And you see how much left there is to do in terms of accounting for variables, and accounting for observations that are possible, but just may not be accessible now, in order to increase your certainty about something. And so it just leaves you very intellectually humble. And our students have a similar experience. My understanding with fact checkers is there's business issue that has occurred with fact checkers, where they'll experience disillusionment.
They'll do so much fact checking, and they do the work of trying to find evidence to prove or disprove something, and they'll see those spaces in between, those epistemic gaps between what we know in quote unquote, what we know in that we're able to find evidence or something, and what we don't actually know, because we don't see evidence for, but we just want to make this assumption. And it's very depressing and disillusioning, but at the society library, it's such a positive experience. Our many students across different universities have said it gives them a new site to do our exercises. The logical deconstruction of media, they say like, they have a new mind, a new site, a new vision for seeing knowledge and seeing the gaps in spaces of it because they're literally being asked to take these artifacts and deconstruct them and then put them in a map where it's easy to see the spaces and the depth of strings and things like that.
And so I feel really positive about this level of uncertainty, of course, I'm just a human with a mind and sometimes certain people pop up and I'll make a judgment about something, but in general, I'm deeply comfortable with not knowing. And sometimes I feel a little bit guilty for my epistemic stance on things, because there's so many people who care very passionately about a specific political or social domain, and there's an art to making them understand that you perceive what they're saying, and appreciate that it could be true, and sometimes this isn't always invited, but when it is invited to just offer, hey, there's things missing though in what you're arguing, and what's particularly offensive, I would say is when you're talking with experts and you're just pointing out the flaws in their reasoning, and it's in earnest to try and say, listen, we need these premises to be verified in order for this conclusion that you really want, we understand, and I know it's difficult because you've been in this field for so long and you haven't been trained in formalizing arguments, so you don't realize that your actual logic is not fully fleshed out, it's somewhat fallacious. It's a strange position to be in, because I'm deeply comfortable with uncertainty and yet sometimes deeply uncomfortable with trying to share that uncertainty with others. Yeah, it's funny because I harp on ad nauseam about this science fiction noveltte I wrote in 2017, called An Oral History of the End of Reality, about deep fakes and the loss of what York University philosopher Regina Rini, I later learned called the epistemic backstop of our confidence in recorded media.

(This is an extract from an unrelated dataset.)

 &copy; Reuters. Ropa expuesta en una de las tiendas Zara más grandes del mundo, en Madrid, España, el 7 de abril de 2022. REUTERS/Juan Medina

Like we live in this world in which Micah Deagle coins this term, Synthography, I like that. So we've got, and then somebody else got the website and he was all chapped about it rightly, but yeah, we live in a world where, and this is, I've explored in the show a lot, I will be exploring a lot, I know in writings and conversations to come, but because it kind of spill over from the virtual into the real, and imagine that living in the Bay Area, it's substantially more palpable for you than it is for me here in Santa Fe, because I walked out of, like when I came out to the Perali Conference in January, the one that you were like, why wasn't I there? I hosted the unofficial after party, because my house was right there, right next door. Like how did I not hear about this?
And so I hosted the unofficial after party. You were there in spirit for sure, and it was amazing, it was a miracle that I got out of Santa Fe, like with the kids. But the robot arm making people's espressos in the airport terminal. And I was like, okay, we've reached, we're here.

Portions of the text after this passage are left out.